Movie Review | X-Men
Movie summary: In a world where mutants (evolved super-powered humans) exist and are discriminated against, two groups form for an inevitable clash: the supremacist Brotherhood, and the pacifist X-Men. (IMDb)
It was only while preparing the page for this review that I realised X-Men turns twenty later this year, leading me to wonder if that's when we'll hear the first from Marvel Studios about their first mutant-related movie (not counting the still-not-released New Mutants as the remaining Fox X-Men movie to come) and how it will compare to this.
In all honesty, it should be pretty easy to surpass this movie, which was good for the time it was released but now feels wholly underwhelming. Even when X-Men first released, its sub-two hour running time and frantic pacing made everything feeling a little rushed, leaving you wanting to see more only because this movie was never particularly satisfying on its own.
Admittedly, there was the perfect casting of Patrick Stewart as Professor Charles Xavier, the equally brilliant decision to have Ian McKellen play Magneto and the inspired (if decidedly comic-inaccurate) casting of Hugh Jackman as Wolverine - three strokes of genius that eventually led to two of them combining for the incredible Logan seventeen years later.
The problem X-Men faces is one that I feel the Sam Raimi Spider-Man films also suffer from, is that while they may have been considered very good to excellent for their time, I believe that's because the average quality level for superhero movies was so low back then.
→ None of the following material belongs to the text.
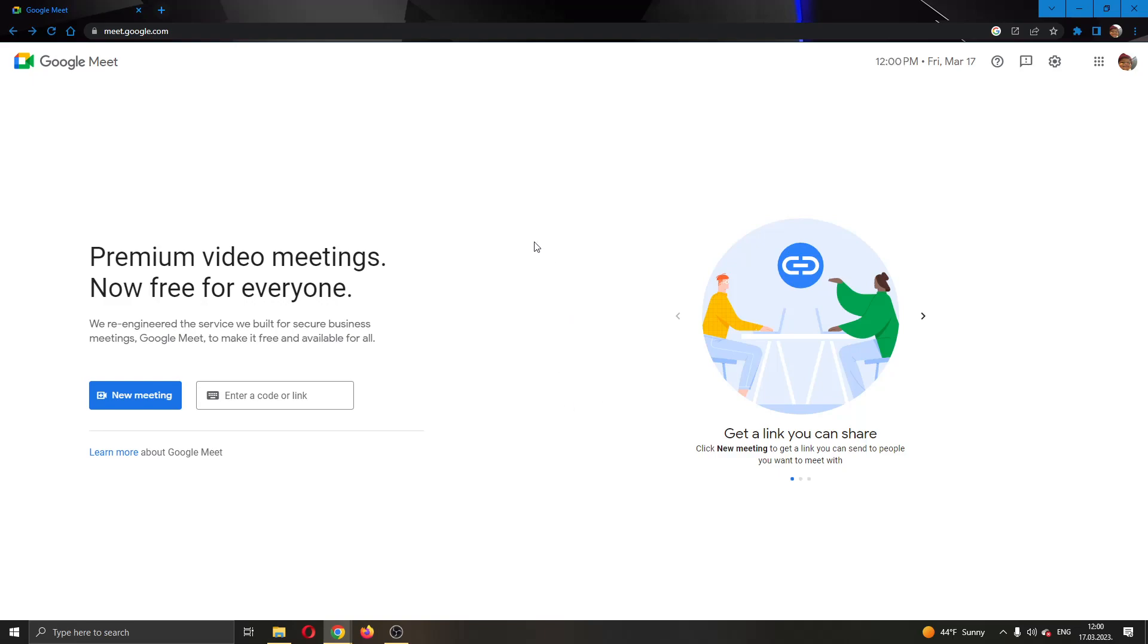The first thing I want to do is go ahead to the official Google Meet website right here and log in to your Google account. After logging in to your account, you'll be greeted by this main page right here where you can see on the left side of the screen that you can either join a new meeting or create your meeting.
Now, with the bar having been raised and the rose-tinted glass having been discarded, X-Men suffers especially from this shift in expectations.
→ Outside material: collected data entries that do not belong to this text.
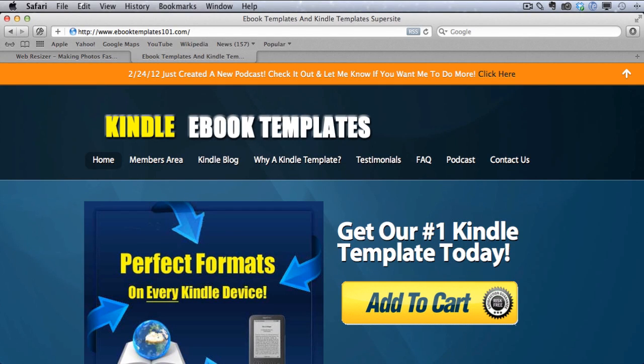Hey everybody, it's Paul with eBookTemplates101.com and we just received a great question today from one of our awesome customers. She was asking about how to resize images that are too large for the Kindle. We get this question a lot so I thought I would do a video on exactly how to do that.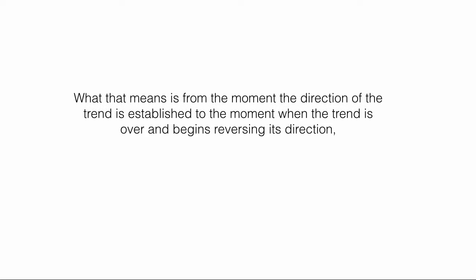What that means is, from the moment the direction of the trend is established to the moment when the trend is over and begins reversing its direction, price moves in five cycles or waves.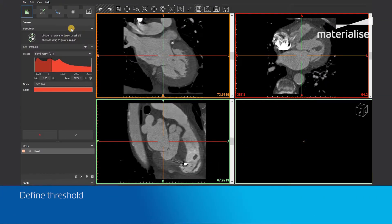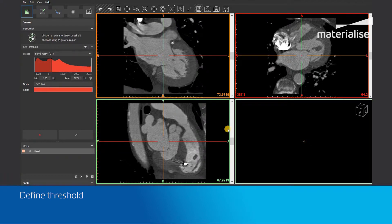Open the Vessel tool. On top, you will see two instructions that explain what you need to do. First, we will need to define the threshold of the region that we want to segment. This can be done by left-clicking with the center of the circle cursor on a region to automatically detect the threshold range of that region.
Some may consider this unfair, comparing a movie from 2000 to similar movies from today, but any new audiences will be coming in with certain standards and levels of anticipation that X-Men has no chance of reaching, outside of the three characters mentioned above. It also needs to be remembered that X-Men wasn't actually that brilliant to start with.
Even though it may have easily cleared the quality bar for superhero movies upon release, it didn't really set any new standards itself. Blade (1998) and Spider-Man (2002) either side of it were both comfortably better movies and remain so to this day - albeit aided by only having one main character to deal with in their cases.
That's why the characters of Xavier, Magneto and Wolverine are spared criticism and not just because of the performances from the actors: they're the only characters given any real depth. Anna Paquin's Rogue is ostensibly the audience surrogate for the movie, but her performance can't match up to the more experienced cast members around her.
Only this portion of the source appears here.